If the encoding is in C99 or C11, you can use the flexible elements of the array (you do not give an explicit dimension, but you should have an agreement on this at runtime in your head).
typedef struct { unsigned No_Of_Employees; char* Employee_Names[];
For any array, each slot of a flexible array element has a fixed size. I use a pointer (e.g. 8 bytes on my Linux / x86-64 machine).
(In older compilers, before C99 standards, you can try to give a size of 0 , for example char* Employee_Names[0]; even if it is against the standard)

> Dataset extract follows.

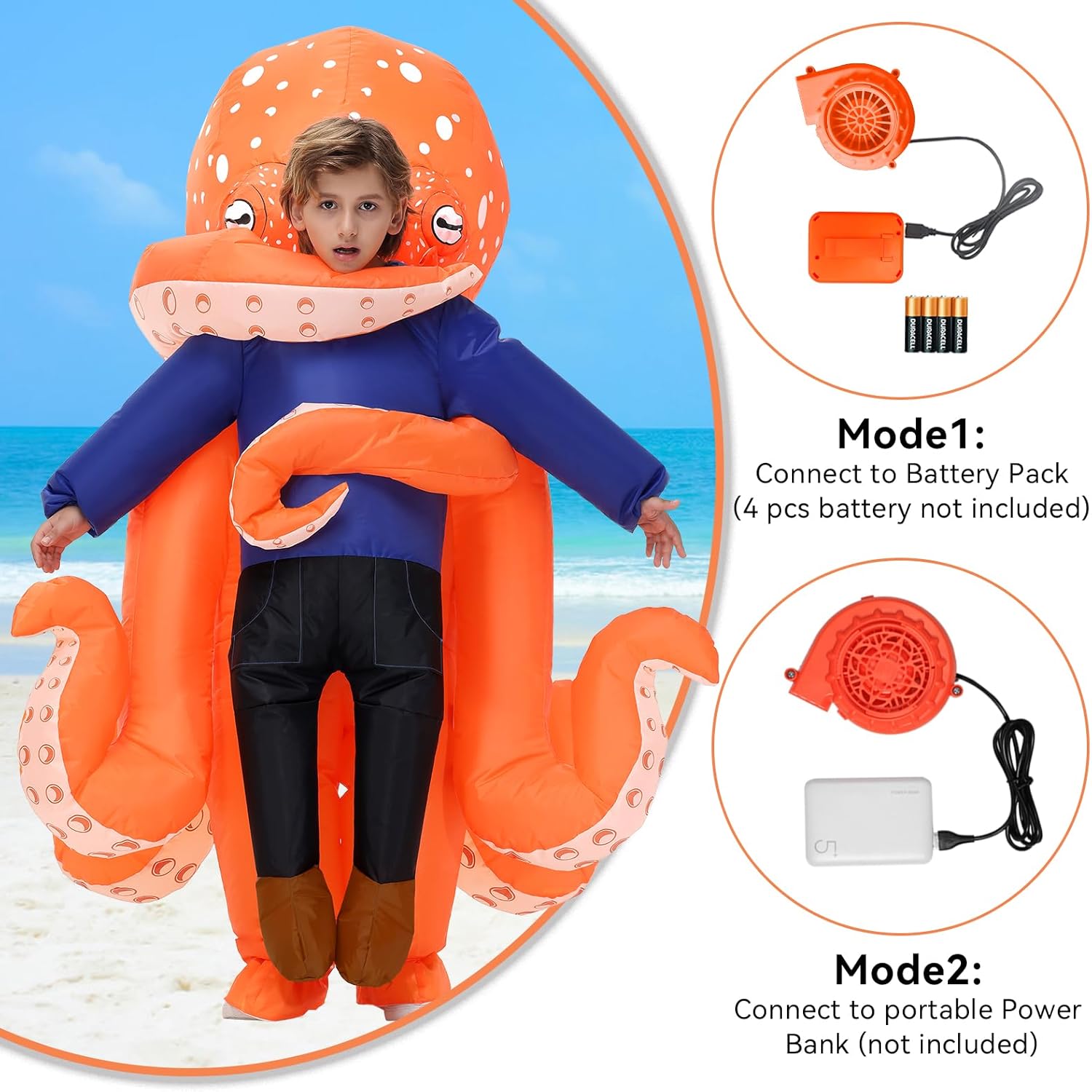 Inflatable Octopus Costume for Kids,Halloween Blow Up Octopus Costumes,Funny Animal Inflatable Costume for Boys Girls Cosplay - Image 3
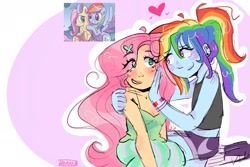 Size: 1800x1200 | Tagged: safe, artist:scisetstarlight, idw, fluttershy, rainbow dash, human, equestria girls, g4, blushing, butterfly hairpin, duo, duo female, eye clipping through hair, eyebrows, eyebrows visible through hair, eyeshadow, female, floating heart, hand on face, hand on shoulder, heart, lesbian, looking at each other, looking at someone, makeup, multicolored hair, ponytail, rainbow hair, scene interpretation, ship:flutterdash, shipping, signature, sitting, smiling, smiling at each other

Then you should highlight such a structure using, for example,
st_employees* make_employees(unsigned n) { st_employees* s = malloc(sizeof(s_employees)+n*sizeof(char*)); if (!s) { perror("malloc make_employees"); exit(EXIT_FAILURE); }; s->No_of_Employees = n; for (unsigned i=0; i<n; i++) s->Employe_Names[i] = NULL; return s; }
and you can use (with strdup (3) duplicating the line on the heap), it like
st_employees* p = make_employees(3); p->Employee_Names[0] = strdup("John"); p->Employee_Names[1] = strdup("Elizabeth"); p->Employee_Names[2] = strdup("Brian Kernighan");
You will need the function void destroy_employee(st_employee*e) (on the left as an exercise for the reader). Probably it should go through i to free every e->Employee_Names[i] , then free(e); ...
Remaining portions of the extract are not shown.